§ **YOUR TASK**:
Exactly as they appear below, repeat the lines from the one with "Image AKTION: MAUL" through the one with "Fusta eleganta rosie", and no others.

━━━━━━━━━━━━━━━━━━━━

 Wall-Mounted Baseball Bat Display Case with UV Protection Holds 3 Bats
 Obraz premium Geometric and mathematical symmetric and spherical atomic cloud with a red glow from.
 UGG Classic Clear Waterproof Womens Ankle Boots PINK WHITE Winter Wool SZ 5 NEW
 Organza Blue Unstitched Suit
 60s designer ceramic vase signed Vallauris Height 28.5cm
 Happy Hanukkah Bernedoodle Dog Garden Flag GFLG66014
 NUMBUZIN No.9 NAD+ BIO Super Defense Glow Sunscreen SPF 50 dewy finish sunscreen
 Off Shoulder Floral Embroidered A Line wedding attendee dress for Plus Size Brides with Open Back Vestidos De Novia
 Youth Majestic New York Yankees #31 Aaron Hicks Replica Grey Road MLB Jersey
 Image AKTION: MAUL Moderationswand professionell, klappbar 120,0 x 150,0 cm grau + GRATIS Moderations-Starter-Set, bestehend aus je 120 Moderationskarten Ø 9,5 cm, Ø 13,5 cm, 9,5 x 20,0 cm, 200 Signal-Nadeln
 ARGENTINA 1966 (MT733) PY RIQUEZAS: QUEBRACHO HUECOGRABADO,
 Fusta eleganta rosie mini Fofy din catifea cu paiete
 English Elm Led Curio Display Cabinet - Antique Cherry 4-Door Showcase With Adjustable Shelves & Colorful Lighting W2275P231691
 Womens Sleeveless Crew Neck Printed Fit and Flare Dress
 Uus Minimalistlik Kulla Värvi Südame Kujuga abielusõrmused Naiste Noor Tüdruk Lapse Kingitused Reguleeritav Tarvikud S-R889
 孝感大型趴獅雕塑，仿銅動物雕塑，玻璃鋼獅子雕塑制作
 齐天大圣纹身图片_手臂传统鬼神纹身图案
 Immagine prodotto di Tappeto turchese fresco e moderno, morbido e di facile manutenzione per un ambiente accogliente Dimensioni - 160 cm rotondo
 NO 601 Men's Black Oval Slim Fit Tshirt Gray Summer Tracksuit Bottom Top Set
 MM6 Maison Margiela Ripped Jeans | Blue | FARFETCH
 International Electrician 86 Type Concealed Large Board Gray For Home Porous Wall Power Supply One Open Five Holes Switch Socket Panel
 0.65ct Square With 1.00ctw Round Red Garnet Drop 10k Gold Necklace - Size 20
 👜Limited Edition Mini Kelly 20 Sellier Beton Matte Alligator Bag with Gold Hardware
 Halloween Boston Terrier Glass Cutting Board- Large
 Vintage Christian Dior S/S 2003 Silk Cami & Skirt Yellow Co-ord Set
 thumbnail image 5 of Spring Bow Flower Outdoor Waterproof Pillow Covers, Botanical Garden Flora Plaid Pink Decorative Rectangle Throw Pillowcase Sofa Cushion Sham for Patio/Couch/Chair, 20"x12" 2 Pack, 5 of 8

━━━━━━━━━━━━━━━━━━━━

§ **FINISHED TASK**:
 Image AKTION: MAUL Moderationswand professionell, klappbar 120,0 x 150,0 cm grau + GRATIS Moderations-Starter-Set, bestehend aus je 120 Moderationskarten Ø 9,5 cm, Ø 13,5 cm, 9,5 x 20,0 cm, 200 Signal-Nadeln
 ARGENTINA 1966 (MT733) PY RIQUEZAS: QUEBRACHO HUECOGRABADO,
 Fusta eleganta rosie mini Fofy din catifea cu paiete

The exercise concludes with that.